Taking the human searcher as an actor (and thus, a variable) in IR research design poses many challenges. Humans learn, get tired and are expensive to hire for experiments. At any step in an interaction, they may take a range of decisions that may lead to the termination of their search session with either success or frustration. Such decisions depend on many factors such as their personal traits, work task and search task, current situation in the search, search strategy, the quality of document representation or search platform among others. Human information access behavior can be modeled, to some degree, through behavioral probabilities observed in real life. This ability provides an opportunity to simulate interactive sessions in the computer economically and without (unprogrammed) learning effects or fatigue. In fact, one may run in reasonable time (hours) experiments involving many million interactive sessions and identify which kind of decisions or behaviors are likely to lead to successful results. We have recently shown that expected human fallibility in providing relevance feedback does not deteriorate search results and how important it is to consider time factors as opposed to plain ranking quality in IR evaluation.

A Short Biography

Kal Järvelin (∼kalervo.jarvelin/) is professor and vice chair at the School of Information Sciences, University of Tampere, Finland. He holds a PhD in information studies (1987) and two MSc degrees (library and information science, 1978, and computer science, 1983) from the same university where he started as a student in 1972. He was academy professor with the Academy of Finland in 2004–2009.

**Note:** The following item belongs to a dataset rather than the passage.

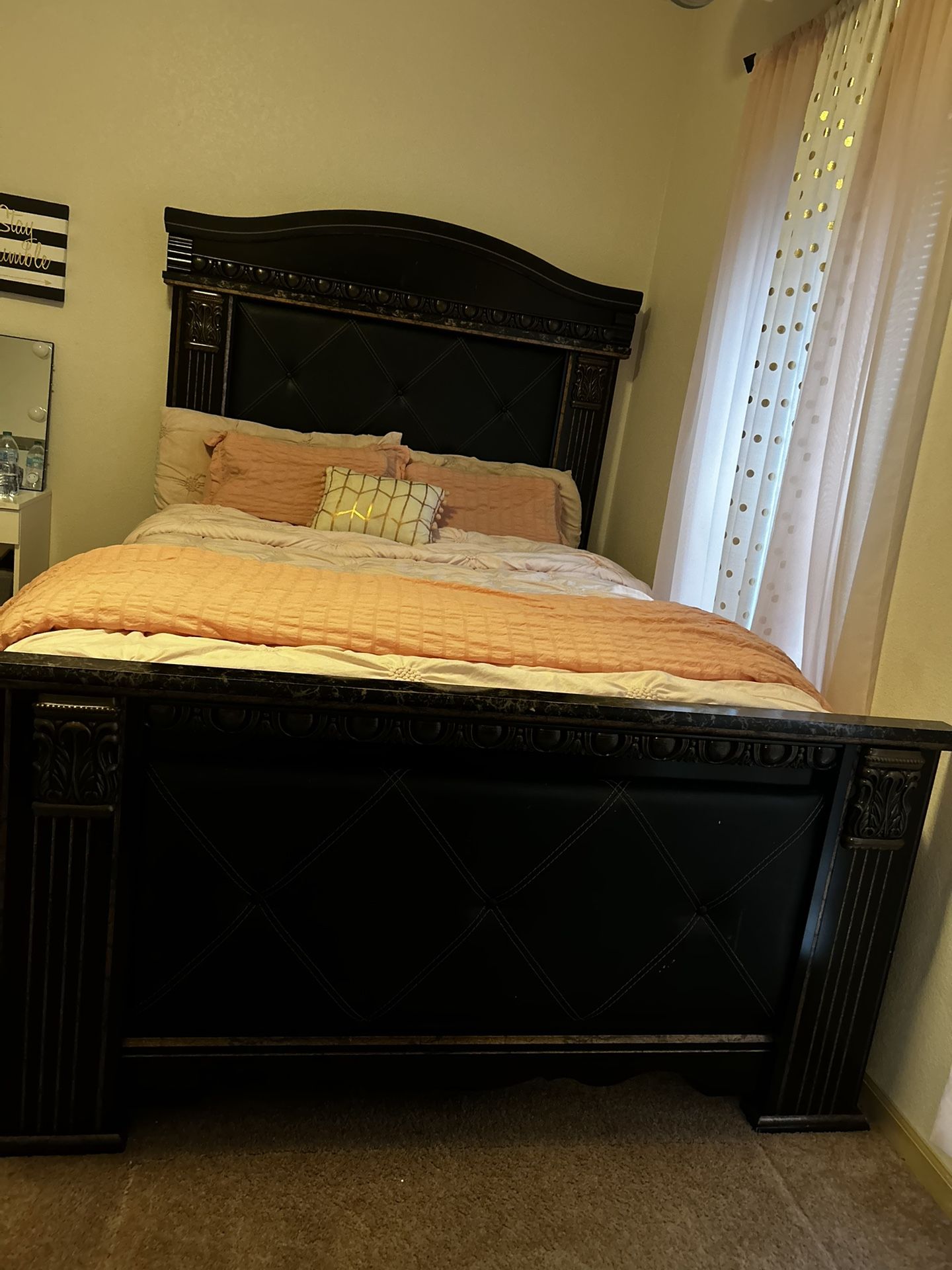 Ashley Marble Queen Bed, Dresser & Mirror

Kal Järvelin's research covers information seeking and retrieval, natural language processing and ontological methods in IR, IR evaluation and database management. He has co-authored over 250 scholarly publications and supervised 17 doctoral dissertations. Several of his former students have a recognized standing within information science. He has an H-index of 27 in Google Scholar and 13 in Web-of-Science (December 2012). He is particularly well cited for the work he has co-authored on IR evaluation methods, task-based information seeking and the integration of information seeking and retrieval research.

He has frequently served the ACM SIGIR conferences as a program committee member (1992-2009), conference chair (2002) and program co-chair (2004, 2006, 2014); and the ECIR, the ACM CIKM and many other conferences as program committee member. He was an associate editor of Information Processing and Management (2008-2012).

Kal Järvelin has received many awards beginning with the Finnish Computer Science Dissertation Award 1986 and continuing with several best paper awards with co-authors, including the ACM SIGIR 2000 Best Paper Award for the seminal paper on the discounted cumulated gain evaluation metric; the ECIR 2008 Best Paper Award for session-based IR evaluation; the IIiX 2010 Best Paper Award for a study on task-based information access. He also received the Tony Kent Strix Award 2008 in recognition of contributions to the field of information retrieval, and, most recently, the ASIS&T Research Award 2012 in recognition of contributions to the field of information science.